Problem requirements —
The response should repeat word for word every line below from the one with "How to beat" to the one with "eigox(エイゴックス)を半年体験してみたリアル体験談！", inclusive, and nothing else; leave pictures out.

Given information —
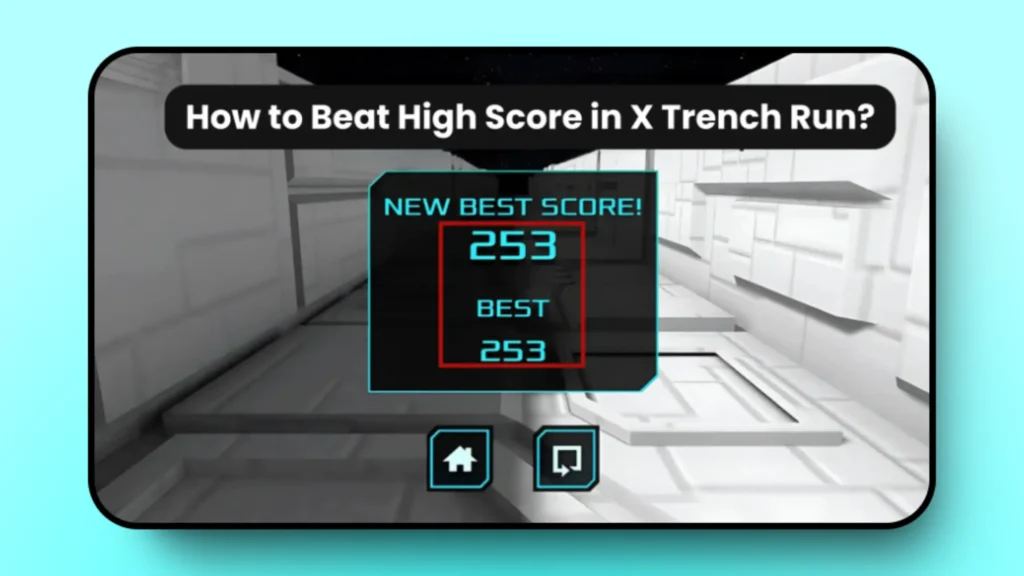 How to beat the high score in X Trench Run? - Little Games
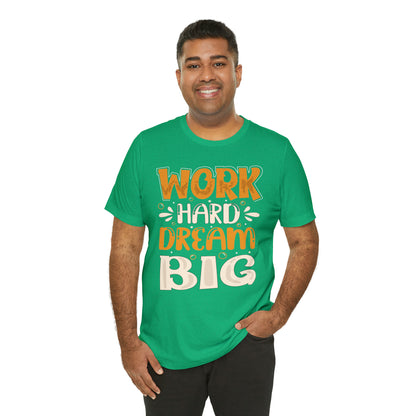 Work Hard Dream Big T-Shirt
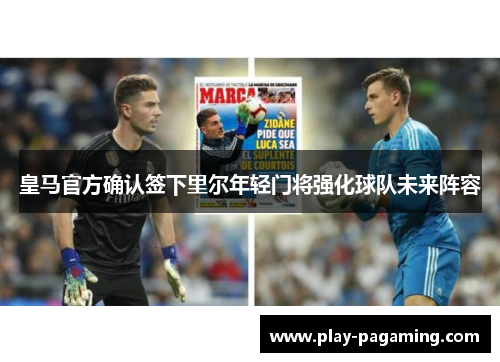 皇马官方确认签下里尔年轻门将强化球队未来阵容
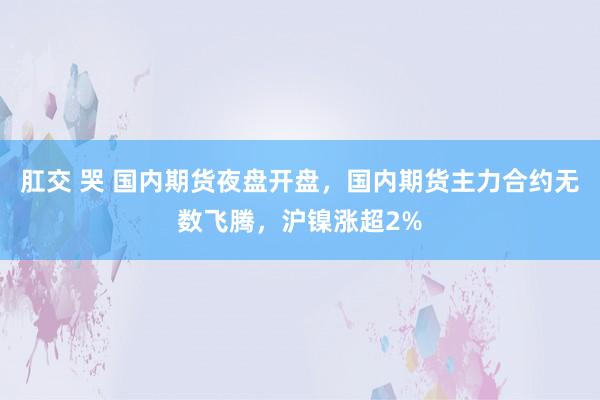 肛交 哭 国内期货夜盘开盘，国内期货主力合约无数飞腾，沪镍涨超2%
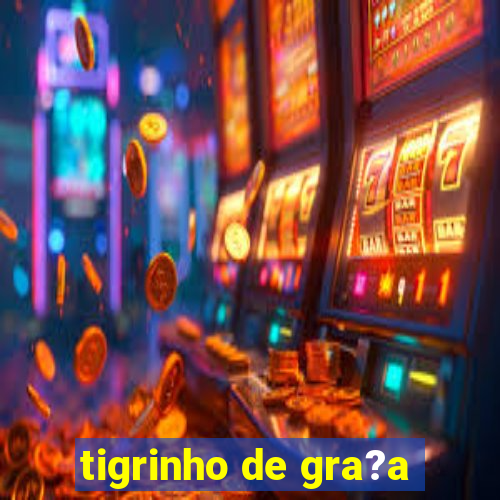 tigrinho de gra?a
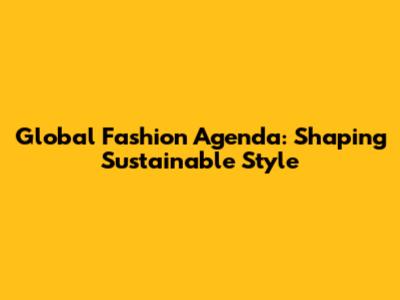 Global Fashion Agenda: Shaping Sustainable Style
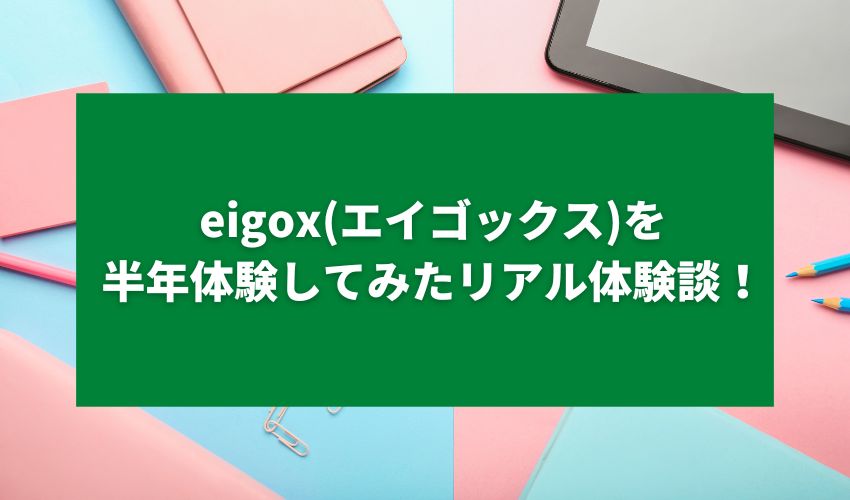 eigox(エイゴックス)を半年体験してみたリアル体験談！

...

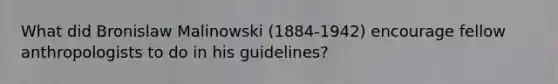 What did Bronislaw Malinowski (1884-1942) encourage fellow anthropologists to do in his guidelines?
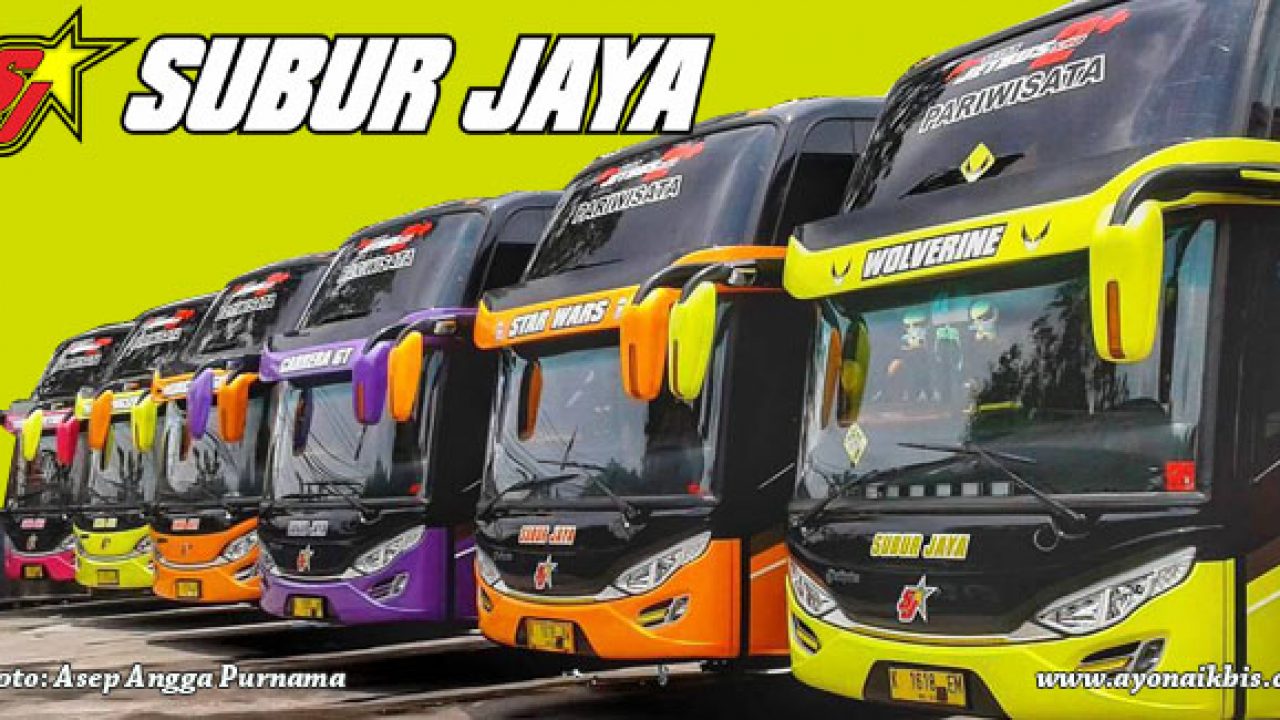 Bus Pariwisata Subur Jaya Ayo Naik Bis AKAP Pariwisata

Result of the task —
 How to beat the high score in X Trench Run? - Little Games
 Work Hard Dream Big T-Shirt
 皇马官方确认签下里尔年轻门将强化球队未来阵容
 肛交 哭 国内期货夜盘开盘，国内期货主力合约无数飞腾，沪镍涨超2%
 tigrinho de gra?a
 Global Fashion Agenda: Shaping Sustainable Style
 eigox(エイゴックス)を半年体験してみたリアル体験談！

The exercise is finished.